Wednesday, December 18, 2013

Inference to the best explanation

To: Scott B.
From: Geoffrey Klempner
Subject: Inference to tbe best explanation
Date: 21st April 2011 18:28

Dear Scott,

Thank you for your email of 11 April, with your essay for the University of London BA Methodology module, in response to the question, 'Is inference to the best explanation just a special case of more general forms of confirmation?'

I enjoyed reading this. You have a knack of explaining philosophical ideas in a way which is gripping and intuitively appealing. Your general strategy in this essay seems to have been to cast about for as wide a variety of examples of 'inference to the best explanation' as possible, looking for ways in which these might support the idea that there is something different about the notion of inference to the best explanation, something that is not reducible to 'more general forms of confirmation', i.e. induction.

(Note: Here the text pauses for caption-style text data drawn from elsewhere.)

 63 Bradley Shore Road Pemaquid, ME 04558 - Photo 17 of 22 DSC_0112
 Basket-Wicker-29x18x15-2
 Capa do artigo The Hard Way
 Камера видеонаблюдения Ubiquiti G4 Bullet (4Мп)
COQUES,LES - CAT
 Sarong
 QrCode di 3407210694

Your conclusion, however, is that the way we decide between competing explanations is, ultimately, based on inductive grounds even if this is not immediately apparent. Typically, we make assessments of the probability of competing explanations or hypotheses, and these probability judgements are based on more general knowledge which we have gained from experience and induction. You also talk about the 'regulative principles' which guide our selection of the best explanation, which themselves are ultimately justified inductively by the fact that they have worked in the past.

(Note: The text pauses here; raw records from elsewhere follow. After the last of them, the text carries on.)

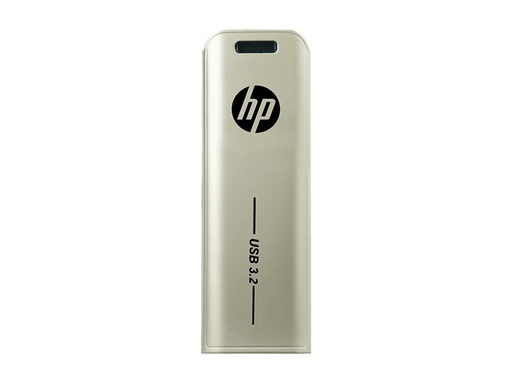 [HPFD796L-128] HP x796w - USB-Flash-Laufwerk - 128 GB - USB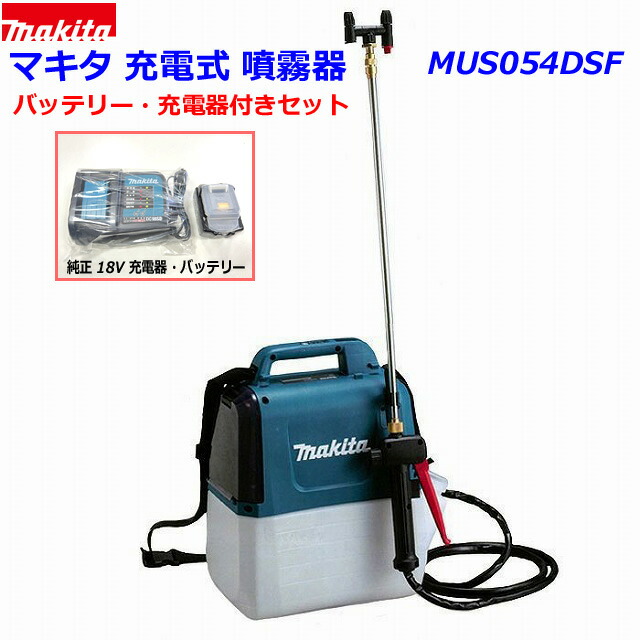 imgrc0074415211.jpg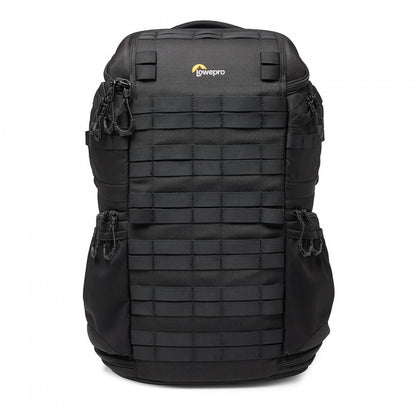 BACKPACK PROTACTIC BP450 AW III (24-V)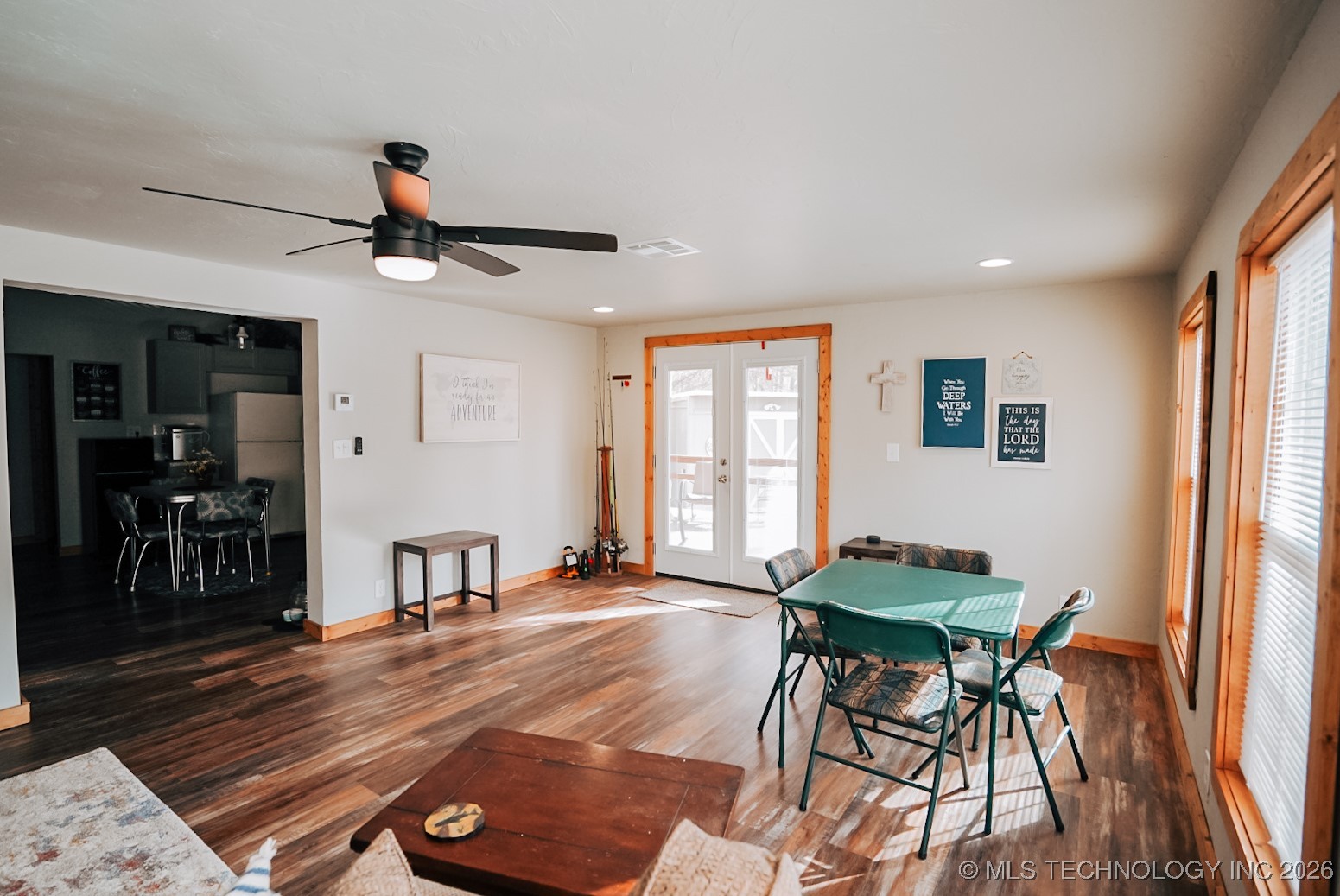 112535 S 4177 Property Photo 13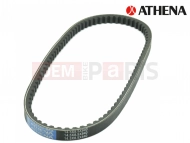 V-Belt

As you note, inference to the best explanation is a pervasive phenomenon. It certainly looks different from induction. One can understand the enthusiasm of philosophers of science such as Peter Lipton. But how important or novel is this concept, really? How does the observation that inference to the best explanation differs from the process of induction bear on the questions of knowledge and justification, which are the main focus of methodology?

The question you have been given is typical of a range of questions all based around the alleged 'difference' between inference to the best explanation and more general forms of confirmation. It is worth making the point that the *best* explanations are not always the most *obvious* ones. If you just reasoned by standard induction, looking for similar patterns, using concepts or forms of explanation which have worked in the past, you might never get there, never make the necessary breakthrough.

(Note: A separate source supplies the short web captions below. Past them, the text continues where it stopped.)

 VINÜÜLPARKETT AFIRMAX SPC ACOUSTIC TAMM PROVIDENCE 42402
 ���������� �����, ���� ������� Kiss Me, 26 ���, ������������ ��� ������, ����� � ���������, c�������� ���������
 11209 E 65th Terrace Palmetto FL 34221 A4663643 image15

It's a story which has been repeated again and again in the history of science. But it is also the stuff of popular fiction -- the detective who refuses to go 'by the book' and instead chooses to think out of the box, his creative imagination supplying the link between scattered clues that did not make any sense to his more plodding colleagues.

But aren't we confusing two very different things here? Take the example of mathematics. Some of the more interesting theorems in mathematics required genius to discover them. But once discovered, the proof is a schoolboy exercise.

When we talk about inference to the *best* explanation there are two components: thinking up possible explanations, and then testing or judging their relative attractiveness or probability. The 'inference' part isn't in the creative generation of possible hypotheses or explanations. There's no procedure of inference which will give you an original explanation that no-one else has thought of before. The inference comes where we compare explanations, appealing to the kinds of considerations which you talk about in your essay, assumptions about probability, general inductive knowledge, regulative principles etc.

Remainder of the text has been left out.